Я уселся. Только теперь я понял, что он на целую голову выше меня. И ноги его были длиннее моих, мои ноги даже не доставали до пола.
— У меня есть сын твоих лет, — начал он, — но он совсем не похож на тебя. У него светлые волосы, он силен и здоров. Он любит поесть, выпить, ходить в кино, смеяться, петь и гулять с девушками. Ему совершенно не свойственны твоя тревога, твоя печаль.
И он принялся рассказывать мне про этого сына, который «учится в Кембридже». Каждое его слово обжигало мне тело, словно язык пламени. Правой рукой я дотронулся до пистолета, лежавшего в моем кармане. Пистолет тоже был раскален и жег мне пальцы.
«Я не должен слушать его», — подумал я. Он мой враг, а у врага нет истории. Я должен подумать о чем-нибудь другом. Поэтому мне хотелось увидеть его — чтобы подумать о чем-нибудь другом, пока он разговаривает. О чем-нибудь другом… но о чем? Об Илане? О Гаде? Да, я буду думать о Гаде, а он думает о Давиде. Я буду думать о нашем герое, Давиде бен Моше, который…

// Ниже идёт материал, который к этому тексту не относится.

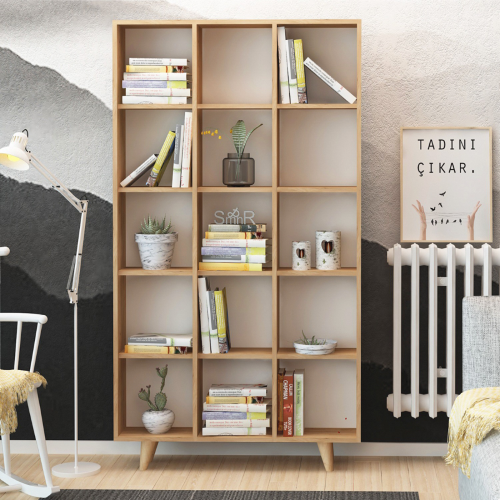 Libreria moderna soggiorno design parete 100xH184 cm rovere Corvik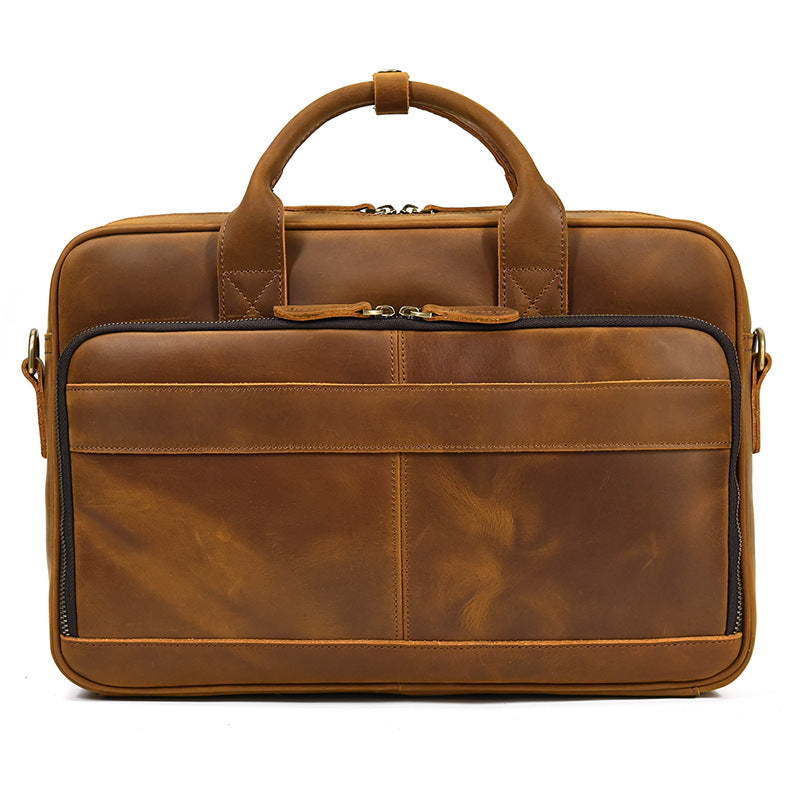 Crazy Horse Leather Men's Briefcase Business Bag Messenger Bag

Я прикрыл глаза, чтобы получше представить себе Давида, но безуспешно, поскольку я никогда не видел его. «Имени еще недостаточно», — подумал я. Человек должен иметь лицо, голос, тело, а уж к ним я прилажу имя Давида бен Моше. Лучше подумать о лице, голосе, теле, которые я действительно знаю. Гад? Нет, трудно вообразить себе Гада, приговоренным к смерти. Приговоренный к смерти… в этом все дело. Как мне это раньше не пришло в голову? Джон Доусон приговорен к смерти; почему бы мне не наречь его Давидом бен Моше? На ближайшие пять минут ты Давид бен Моше… в тусклом, холодном, белом свете камеры смертников в тюрьме Акры. Стук в дверь, входит рабби, чтобы прочитать с тобой псалмы и услышать твой видуй[7], это ужасное признание, с ним ты принимаешь на себя ответственность не только за те грехи, что совершил ты сам — словом, делом или мыслью, но и те, в которые ты мог ввергнуть других людей. Рабби дает тебе традиционное благословение: «Господь благословит и сохранит тебя…» и призывает тебя не страшиться. Ты отвечаешь, что не боишься и что, будь твоя воля, ты бы сделал то же самое снова. Рабби улыбается и говорит, что за стенами тюрьмы все гордятся тобой. Он настолько растроган, что изо всех сил пытается сдержать слезы; наконец, ему становится невмоготу, и он рыдает. Но ты, Давид, не плачешь. Ты с нежностью смотришь на рабби, потому что он — последний человек, которого ты видишь перед смертью (палач и его подручные не в счет). Он рыдает, и ты пытаешься утешить его. «Не плачьте, — говоришь ты. — Я не боюсь. Не нужно жалеть меня».